O Brasil vive sua pior crise hídrica dos últimos 91 anos, desta forma, mananciais como o de Chapéu D’Uvas se tornam essenciais ao pensar sobre o futuro do abastecimento de água, em especial, para Juiz de Fora e região, como alertou durante a audiência o ambientalista e presidente do Comitê da Bacia Hidrográfica dos Afluentes Mineiros dos Rios Preto e Paraibuna, Wilson Acácio. Conforme ele, o Comitê acompanha a situação da represa de Chapéu D’Uvas desde 2017 e já apresentou relatórios sobre os impactos da ocupação desordenada na região, entretanto, nenhuma atitude ainda foi tomada pelas autoridades competentes.
Além disso, o grupo não foi informado sobre os novos empreendimentos previstos no local. “O comitê não é contra o processo de ocupação, mas vamos fazer de maneira planejada.” Para ele, “é preciso que essa audiência mande para as autoridades competentes cobrando para que a gente possa de maneira democrática, transparente e republicana, debater. Não sou contra qualquer empreendimento na represa, mas vamos conversar quem está autorizando”, finaliza Wilson Acácio.

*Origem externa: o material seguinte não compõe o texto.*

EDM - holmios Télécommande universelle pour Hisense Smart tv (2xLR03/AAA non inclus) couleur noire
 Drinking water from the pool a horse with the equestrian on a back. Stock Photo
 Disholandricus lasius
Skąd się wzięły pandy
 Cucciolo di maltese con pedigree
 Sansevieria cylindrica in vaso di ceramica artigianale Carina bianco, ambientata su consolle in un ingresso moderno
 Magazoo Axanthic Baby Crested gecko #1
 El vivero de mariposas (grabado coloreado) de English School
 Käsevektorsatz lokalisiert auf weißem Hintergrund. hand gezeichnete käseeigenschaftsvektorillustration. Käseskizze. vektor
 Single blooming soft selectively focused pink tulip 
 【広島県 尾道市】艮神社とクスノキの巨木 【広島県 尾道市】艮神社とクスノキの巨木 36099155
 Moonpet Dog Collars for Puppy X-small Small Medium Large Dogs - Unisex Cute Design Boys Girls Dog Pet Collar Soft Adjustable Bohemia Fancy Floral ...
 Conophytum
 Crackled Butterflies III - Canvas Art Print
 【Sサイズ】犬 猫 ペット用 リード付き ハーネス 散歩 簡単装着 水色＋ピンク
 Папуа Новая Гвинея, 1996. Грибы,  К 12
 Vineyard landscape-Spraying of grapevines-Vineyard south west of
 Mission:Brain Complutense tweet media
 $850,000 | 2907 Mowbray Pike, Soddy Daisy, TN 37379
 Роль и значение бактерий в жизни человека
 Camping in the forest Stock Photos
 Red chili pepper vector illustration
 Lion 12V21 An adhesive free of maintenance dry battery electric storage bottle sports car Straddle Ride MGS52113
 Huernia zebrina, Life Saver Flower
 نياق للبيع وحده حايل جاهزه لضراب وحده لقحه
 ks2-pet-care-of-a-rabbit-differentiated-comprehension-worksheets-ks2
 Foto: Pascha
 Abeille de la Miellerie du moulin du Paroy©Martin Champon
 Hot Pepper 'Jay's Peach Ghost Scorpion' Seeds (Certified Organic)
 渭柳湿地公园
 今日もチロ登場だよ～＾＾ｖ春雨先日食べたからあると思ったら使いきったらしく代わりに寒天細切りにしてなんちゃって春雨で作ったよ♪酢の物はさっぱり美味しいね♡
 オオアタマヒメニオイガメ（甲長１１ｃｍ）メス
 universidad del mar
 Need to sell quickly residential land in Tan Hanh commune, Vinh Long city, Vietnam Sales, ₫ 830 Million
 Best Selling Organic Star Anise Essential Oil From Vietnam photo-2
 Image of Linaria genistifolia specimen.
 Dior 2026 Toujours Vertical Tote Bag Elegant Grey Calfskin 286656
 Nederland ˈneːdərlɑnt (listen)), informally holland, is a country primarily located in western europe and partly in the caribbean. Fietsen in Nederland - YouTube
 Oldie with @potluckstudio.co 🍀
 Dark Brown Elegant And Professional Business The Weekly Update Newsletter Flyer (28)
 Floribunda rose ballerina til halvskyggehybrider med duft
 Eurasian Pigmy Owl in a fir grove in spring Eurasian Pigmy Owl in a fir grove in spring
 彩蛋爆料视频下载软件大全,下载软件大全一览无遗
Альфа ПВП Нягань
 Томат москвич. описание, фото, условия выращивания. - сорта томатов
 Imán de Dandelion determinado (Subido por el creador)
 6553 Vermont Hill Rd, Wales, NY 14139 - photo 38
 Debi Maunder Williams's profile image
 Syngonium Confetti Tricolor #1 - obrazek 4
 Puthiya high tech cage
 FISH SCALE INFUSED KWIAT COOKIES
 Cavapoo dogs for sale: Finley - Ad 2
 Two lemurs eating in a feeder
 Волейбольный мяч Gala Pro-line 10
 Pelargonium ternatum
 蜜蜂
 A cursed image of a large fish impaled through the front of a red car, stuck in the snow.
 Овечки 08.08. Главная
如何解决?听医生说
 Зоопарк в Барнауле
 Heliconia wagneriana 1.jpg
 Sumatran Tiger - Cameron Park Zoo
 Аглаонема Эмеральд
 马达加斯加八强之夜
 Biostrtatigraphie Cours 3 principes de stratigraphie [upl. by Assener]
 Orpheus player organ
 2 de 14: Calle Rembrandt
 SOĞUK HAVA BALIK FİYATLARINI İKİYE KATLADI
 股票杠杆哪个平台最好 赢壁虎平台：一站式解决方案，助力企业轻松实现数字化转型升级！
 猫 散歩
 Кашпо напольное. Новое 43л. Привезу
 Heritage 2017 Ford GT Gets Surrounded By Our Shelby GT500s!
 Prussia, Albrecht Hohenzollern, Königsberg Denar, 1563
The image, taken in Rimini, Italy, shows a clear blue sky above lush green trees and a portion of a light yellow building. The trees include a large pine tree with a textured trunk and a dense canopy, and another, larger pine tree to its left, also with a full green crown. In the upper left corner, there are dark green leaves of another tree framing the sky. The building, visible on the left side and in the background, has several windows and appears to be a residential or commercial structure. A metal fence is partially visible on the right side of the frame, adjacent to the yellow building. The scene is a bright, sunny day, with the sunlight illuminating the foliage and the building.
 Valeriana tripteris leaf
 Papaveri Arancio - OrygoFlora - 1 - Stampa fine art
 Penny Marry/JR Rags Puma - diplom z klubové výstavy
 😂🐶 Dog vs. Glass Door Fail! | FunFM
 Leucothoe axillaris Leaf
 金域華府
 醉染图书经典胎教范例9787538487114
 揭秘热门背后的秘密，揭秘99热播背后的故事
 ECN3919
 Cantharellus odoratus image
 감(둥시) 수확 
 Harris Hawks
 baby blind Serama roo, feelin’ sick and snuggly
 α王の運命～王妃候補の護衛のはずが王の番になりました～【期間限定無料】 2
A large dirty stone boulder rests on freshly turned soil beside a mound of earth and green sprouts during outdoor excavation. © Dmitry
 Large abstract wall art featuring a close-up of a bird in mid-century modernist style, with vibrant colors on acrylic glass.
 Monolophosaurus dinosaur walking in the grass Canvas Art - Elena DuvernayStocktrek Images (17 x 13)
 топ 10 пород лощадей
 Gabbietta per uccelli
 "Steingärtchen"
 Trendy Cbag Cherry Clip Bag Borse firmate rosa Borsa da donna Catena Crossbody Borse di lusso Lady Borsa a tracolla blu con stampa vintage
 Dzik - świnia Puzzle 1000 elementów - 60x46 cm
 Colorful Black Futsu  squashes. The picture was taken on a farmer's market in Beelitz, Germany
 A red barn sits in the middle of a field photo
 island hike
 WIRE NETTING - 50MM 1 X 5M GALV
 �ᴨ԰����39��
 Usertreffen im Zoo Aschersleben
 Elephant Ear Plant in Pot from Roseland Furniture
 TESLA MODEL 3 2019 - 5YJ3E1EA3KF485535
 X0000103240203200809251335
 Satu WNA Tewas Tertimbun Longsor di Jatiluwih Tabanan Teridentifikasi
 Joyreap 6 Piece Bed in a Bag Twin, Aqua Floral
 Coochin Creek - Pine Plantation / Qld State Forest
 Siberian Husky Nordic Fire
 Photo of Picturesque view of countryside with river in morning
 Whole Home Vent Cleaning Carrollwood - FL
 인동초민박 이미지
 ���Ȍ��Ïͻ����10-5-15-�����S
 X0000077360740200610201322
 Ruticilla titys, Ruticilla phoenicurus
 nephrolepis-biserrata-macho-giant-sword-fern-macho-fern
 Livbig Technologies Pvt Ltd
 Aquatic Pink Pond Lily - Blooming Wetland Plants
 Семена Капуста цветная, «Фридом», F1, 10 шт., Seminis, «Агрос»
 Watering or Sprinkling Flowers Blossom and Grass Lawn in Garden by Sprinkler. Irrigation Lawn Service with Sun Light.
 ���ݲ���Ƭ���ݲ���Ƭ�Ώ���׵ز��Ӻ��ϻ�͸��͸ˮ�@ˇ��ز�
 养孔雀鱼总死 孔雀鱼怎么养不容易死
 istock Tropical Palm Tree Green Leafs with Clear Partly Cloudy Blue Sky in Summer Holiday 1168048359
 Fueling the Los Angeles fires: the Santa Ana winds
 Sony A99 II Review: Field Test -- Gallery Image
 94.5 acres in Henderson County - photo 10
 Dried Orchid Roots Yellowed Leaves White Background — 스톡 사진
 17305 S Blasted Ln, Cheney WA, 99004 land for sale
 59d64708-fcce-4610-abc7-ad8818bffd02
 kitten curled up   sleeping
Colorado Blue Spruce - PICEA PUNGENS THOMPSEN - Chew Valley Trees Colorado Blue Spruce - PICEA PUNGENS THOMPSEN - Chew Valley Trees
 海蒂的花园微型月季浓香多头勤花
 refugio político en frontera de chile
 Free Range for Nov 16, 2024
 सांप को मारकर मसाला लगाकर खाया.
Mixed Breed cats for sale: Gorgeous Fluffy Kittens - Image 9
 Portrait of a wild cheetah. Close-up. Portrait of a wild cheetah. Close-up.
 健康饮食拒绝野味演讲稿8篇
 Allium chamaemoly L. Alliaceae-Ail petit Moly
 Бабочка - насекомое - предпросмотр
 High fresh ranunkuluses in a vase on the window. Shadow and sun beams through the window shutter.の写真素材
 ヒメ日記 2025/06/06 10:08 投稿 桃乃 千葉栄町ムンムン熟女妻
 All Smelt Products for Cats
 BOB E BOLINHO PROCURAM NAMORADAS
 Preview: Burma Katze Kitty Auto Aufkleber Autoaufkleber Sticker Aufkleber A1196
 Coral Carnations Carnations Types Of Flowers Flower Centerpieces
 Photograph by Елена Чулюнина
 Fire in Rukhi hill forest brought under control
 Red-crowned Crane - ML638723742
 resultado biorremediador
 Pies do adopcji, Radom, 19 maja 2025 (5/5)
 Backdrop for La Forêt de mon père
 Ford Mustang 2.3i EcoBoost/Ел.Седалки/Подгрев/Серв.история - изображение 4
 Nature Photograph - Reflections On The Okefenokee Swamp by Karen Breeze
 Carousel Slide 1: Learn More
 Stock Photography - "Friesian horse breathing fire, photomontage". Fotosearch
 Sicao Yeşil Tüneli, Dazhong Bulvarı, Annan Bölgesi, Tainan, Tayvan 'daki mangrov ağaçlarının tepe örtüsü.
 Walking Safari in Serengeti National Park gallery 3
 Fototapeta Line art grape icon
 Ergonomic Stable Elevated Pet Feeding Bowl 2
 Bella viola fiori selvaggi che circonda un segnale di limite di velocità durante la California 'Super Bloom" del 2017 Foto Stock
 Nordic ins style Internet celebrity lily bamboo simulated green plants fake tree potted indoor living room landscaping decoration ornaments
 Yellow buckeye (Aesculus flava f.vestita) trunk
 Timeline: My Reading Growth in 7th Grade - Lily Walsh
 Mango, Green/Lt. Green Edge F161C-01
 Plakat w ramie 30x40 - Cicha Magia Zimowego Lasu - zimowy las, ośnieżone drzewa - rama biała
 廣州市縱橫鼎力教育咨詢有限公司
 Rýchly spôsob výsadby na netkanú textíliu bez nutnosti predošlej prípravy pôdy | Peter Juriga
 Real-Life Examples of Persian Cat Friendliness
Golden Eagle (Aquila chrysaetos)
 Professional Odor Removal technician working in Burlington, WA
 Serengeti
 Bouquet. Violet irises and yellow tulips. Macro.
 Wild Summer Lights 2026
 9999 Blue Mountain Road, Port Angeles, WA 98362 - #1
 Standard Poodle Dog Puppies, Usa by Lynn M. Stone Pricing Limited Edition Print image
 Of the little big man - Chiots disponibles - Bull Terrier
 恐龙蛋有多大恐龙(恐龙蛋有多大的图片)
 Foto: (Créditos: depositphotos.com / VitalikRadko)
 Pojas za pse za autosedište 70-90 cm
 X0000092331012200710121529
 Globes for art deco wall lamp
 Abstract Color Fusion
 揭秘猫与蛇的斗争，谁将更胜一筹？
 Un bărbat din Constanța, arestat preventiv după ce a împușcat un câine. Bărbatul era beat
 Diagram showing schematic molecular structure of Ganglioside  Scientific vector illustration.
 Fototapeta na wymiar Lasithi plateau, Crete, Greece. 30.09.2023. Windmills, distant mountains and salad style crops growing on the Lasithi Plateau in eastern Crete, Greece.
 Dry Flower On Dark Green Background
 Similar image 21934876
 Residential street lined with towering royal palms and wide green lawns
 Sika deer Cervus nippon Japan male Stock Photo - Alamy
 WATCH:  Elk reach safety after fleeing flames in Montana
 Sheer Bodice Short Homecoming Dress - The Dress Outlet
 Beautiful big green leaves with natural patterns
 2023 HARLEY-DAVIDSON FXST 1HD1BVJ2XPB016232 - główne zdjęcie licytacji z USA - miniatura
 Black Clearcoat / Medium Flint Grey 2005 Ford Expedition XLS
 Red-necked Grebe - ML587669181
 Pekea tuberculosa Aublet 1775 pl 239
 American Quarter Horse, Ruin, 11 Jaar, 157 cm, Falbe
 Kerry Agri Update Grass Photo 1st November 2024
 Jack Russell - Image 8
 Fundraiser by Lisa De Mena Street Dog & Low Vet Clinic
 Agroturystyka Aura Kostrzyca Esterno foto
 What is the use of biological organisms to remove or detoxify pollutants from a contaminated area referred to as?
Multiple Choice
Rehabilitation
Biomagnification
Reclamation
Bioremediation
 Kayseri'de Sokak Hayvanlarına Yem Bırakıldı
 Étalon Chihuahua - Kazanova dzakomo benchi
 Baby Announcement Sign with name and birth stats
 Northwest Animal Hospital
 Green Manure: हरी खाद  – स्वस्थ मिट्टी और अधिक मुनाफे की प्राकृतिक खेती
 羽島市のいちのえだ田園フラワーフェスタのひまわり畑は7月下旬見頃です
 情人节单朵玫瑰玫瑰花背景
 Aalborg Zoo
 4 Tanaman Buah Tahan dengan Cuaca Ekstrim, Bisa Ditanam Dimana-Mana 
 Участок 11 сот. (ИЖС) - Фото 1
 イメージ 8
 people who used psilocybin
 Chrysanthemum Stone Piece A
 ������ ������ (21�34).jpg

Também participaram do encontro o presidente do Sindicato dos Trabalhadores no Serviço de Água (Sinágua), Edinaldo Ramos; o diretor de Política Ambiental da Associação dos Moradores e Proprietários do Entorno da Represa de Chapéu D’uvas, Wesley Cardoso Pires; o proprietário de terras na região de Chapéu D’Uvas, Marco Túlio Raposo; o sargento Paulo, comandante do 3º grupamento de Meio Ambiente de Santos Dumont, juntamente com o policial militar de meio ambiente, cabo José Vinicius Ferreira Gomes; e o deputado estadual Betão (PT), que propôs, na Assembleia Legislativa de Minas Gerais (ALMG), um projeto de lei para a proteção da bacia de Chapéu D’Uvas.